If you're interested in the neuroscience, consider reading "Neurobiological risk factors for problematic social media use as a specific form of Internet addiction: A narrative review".
Like, I dunno, really getting into running or yoga or fantasy football?
Where is the line, according to experts in addiction-like behavior?
https://www.sciencedirect.com/science/article/pii/S235285322...
24-hour commercial cable news (in the US) is the original sin of addictive media.
Letting juries rob them just because the jury doesn't like it is nothing more than fascism.
If you're going to pick a law from one of the smallest states in the union, the least you could do is quote the relevant excerpts.
This is a pathetic rebuttal.
New Mexico prosecutors convinced a jury the company enabled child exploitation on its platforms.
The outcome followed laws that enable the jury to conclude as they did! So there you go, laws passed.
Is this Zuckerberg's burner account?
There should be a law banning the addictive practices of these apps. Until there is, fining the companies that make these apps is unjust.
There are laws enabling the judiciary to operate as it has to give plaintiffs a platform in the first place, in the absence of specific laws because legislative bodies are slow to adopt new laws for various excuses.
For example; not hard to pay off a handful of legislators to vote no. Then what? People just suck up living at the mercy of the rich?
Judiciary has leeway to allow such cases and outcomes to bubble up useful context for changes to law. Longstanding precedent and in some cases is codified in law itself.
The lack of a specific legal language banning social media actions is also irrelevant because of similarities to other situations that are enshrined in law. That human biology is susceptible to psychological manipulation is already well understood. Tiny little difference in legal context does not invalidate known truth of biology.
Society doesn't exist in your head alone and has existed for some time. Much of this is not truly new territory.
Stop embarrassing yourself.
Everything else outside of reels is the usual social media fake life facade, and everything amplified to the max for engagement to get it pushed to feeds via "the algorithm" (note: Interactions don't need to be positive to promote it to feeds)
Rewind 30 years or so, how long did the typical New York Times subscriber spend with their paper every day?
Was the Times addictive?
And I won’t even get started on network television for half a century.
Lots of people can get drunk once a month and suffer or cause no real harm. Some people get drunk everyday which is slightly more harmful.
There are many physical products that are today designed to minimize harm and misuse after facing liability historically. So I suppose the direct answer to your question would be "yes, absolutely, and there's a figurative mountain of precedent for it".
There’s somebody out there who’s harmfully addicted to just about anything, from ultramarathons to World of Warcraft.

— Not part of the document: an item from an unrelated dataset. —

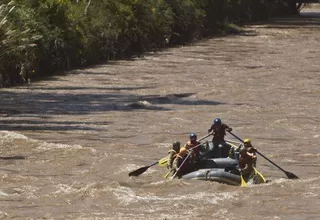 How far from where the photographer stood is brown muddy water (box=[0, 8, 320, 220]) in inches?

What’s the limiting principle on liability?
The limiting principle on liability is quite complicated. You'd have to go ask a lawyer. At least in the US (and I believe most of the western world) it has to do with manufacturer intent, manufacturer awareness, viable alternatives, and material harm among other things.
Doritos are designed to taste good and encourage you to eat them to your satisfaction.
The latest Mario game is designed to be playable & fun for as long as you have time and energy to play it.
My Instagram feed is designed to engage me with interesting and relevant content for as long as I have time to scroll.
All three can be used in unhealthy ways, and would be less likely to be so used if they were designed less well to their goals.
Which is “designed to be addictive”?
It doesn't matter if the outcome is the same here what matters is the intent behind the design when considered in the context of the intended usecase. That's in addition to lots of other factors (some of which I listed) plus any relevant legislation plus any relevant case law and that will all be examined in great detail by a court. At the end of the day what is legal and what is not is decided by that process. A large part of the point of employing corporate lawyers is to prevent a situation where your past behavior is examined from arising in the first place.
I'd suggest the essay "what color are your bits" if you're genuinely struggling to understand this concept.
Also, what you’re describing sounds like when you’ve haven’t spent enough time on the shorts for the content recommendation algorithm to learn your preferences. Which I agree, is unwatchable. I saw it recently when my friend put on YouTube shorts on a guest account (on an Airbnb smart tv). it was bad. But spend enough time and that will change. But best you don’t!
Then again, I hardly use YouTube, so I don’t think I’m the target audience for this.
I think that's all related, is at least partially a matter of what I'm accustomed to, but is largely just an inherent part of how I am.
"is it a young people thing": no, obviously not because nothing is.
You're just as prone to addictive behaviours at 20 as at 40 at 80.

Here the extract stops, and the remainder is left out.